Get out of unhealthy relationships,
i watched oprah the other day, she
reconfirmed what I already knew,
you need to love yourself, respect
yourself, treat yourself to knowledge,
read books at the library that will
improve your self esteem, to be
independent, etc.
Sho, love yourself, get out, forgive
yourself,move on
rainfall, I really liked what you wrote in
that post there,
i made a huge mistake, I dated a guy who
happens to have two very different
personalities. When I learned of this, I
was in shock. I thought he loved me, but
that is not love, the whole laundry list
of unacceptable things. One minute
things are fun great and loving, and then
the next my safety well being, my spirit
is being attacked, I am there to defend
myself
my belongings are being thrown out and
about, I have to walk home
as he kicks me out, or threaten to,
clothes ripped off, hair pulled, spit
at?
Despite all the cards,flowers, kisses, and
the positive aspects of him
no way! I left him. I missed the
positive aspects of him for a long time
sure, but I had to mourn this,
i do not understand why he is the way he
is, I mean really, what was that all
about, what did he gain? I contributed
some money to our food, outings, but
nothing huge. I did not live with him.
We were just boyfriend, girlfriend, I
don't know what he got out of it? Unless
he truly is very sick.
I may never understand, why anyone for
that matter is like this
i pray for my safety everyday still. I
have not heard from him by the grace of
god, I hope he has found another
relationship.
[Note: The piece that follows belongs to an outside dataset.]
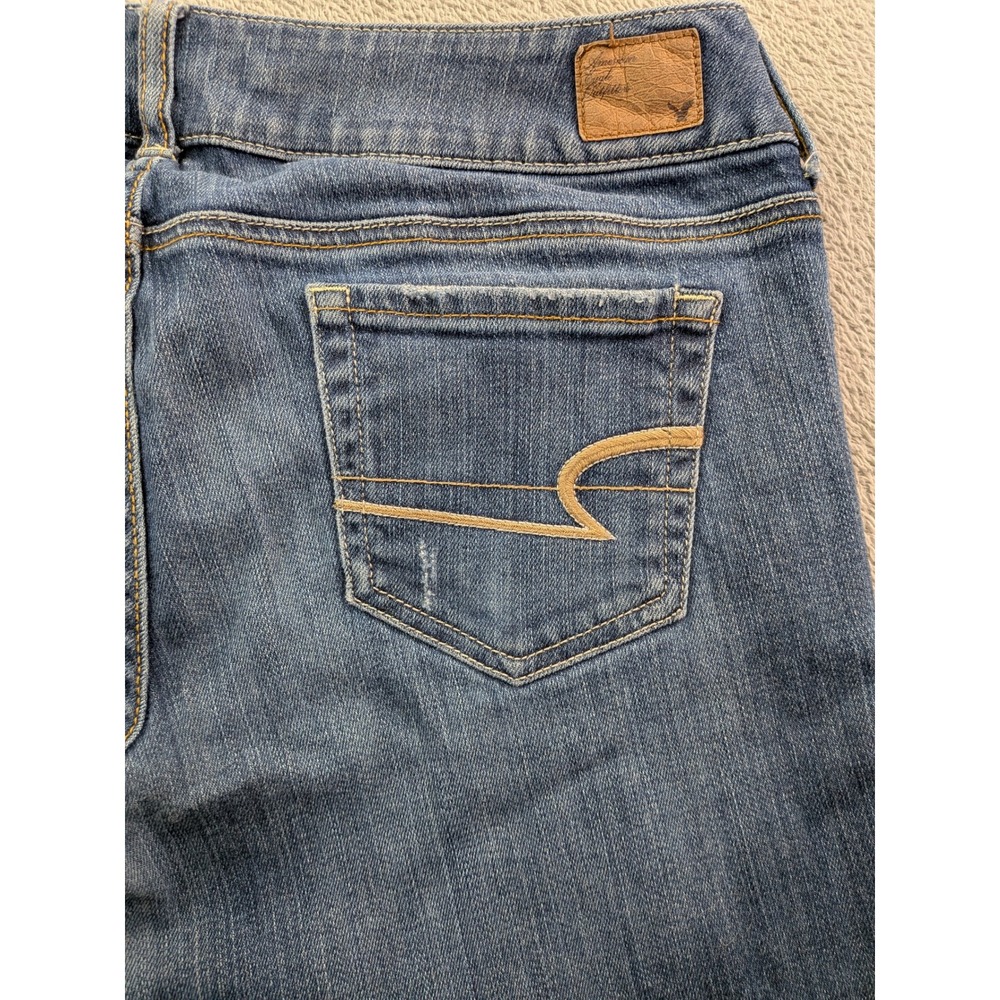 American Eagle Artist Flare Jeans Womens Blue Denim Stretch Medium Wash 34x33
I pray for that.
I talk to my guardian angels for me to be
protected.
He started all the nonsense by him
constantly accusing me of cheating on him,
when I honest to god never did, I do not
understand that at all
i am a good, regular person, with great
morals, values, but just a regular person,
and my jaw is still on the ground as I do
not understand why
he thought what he thought, he would just
create all these serenios, storys in his
mind, playing mind games, changing
stories, making them up, to the point
where I started to question my own memory,
and I thought I was about to go "crazy"
i do not know if I will ever date again
i wish this planet did not have unhealthy
people on it
life is hard enough...
I pray for everyone to love themselves,
respect themselves and others
and get help if needed, and to be safe!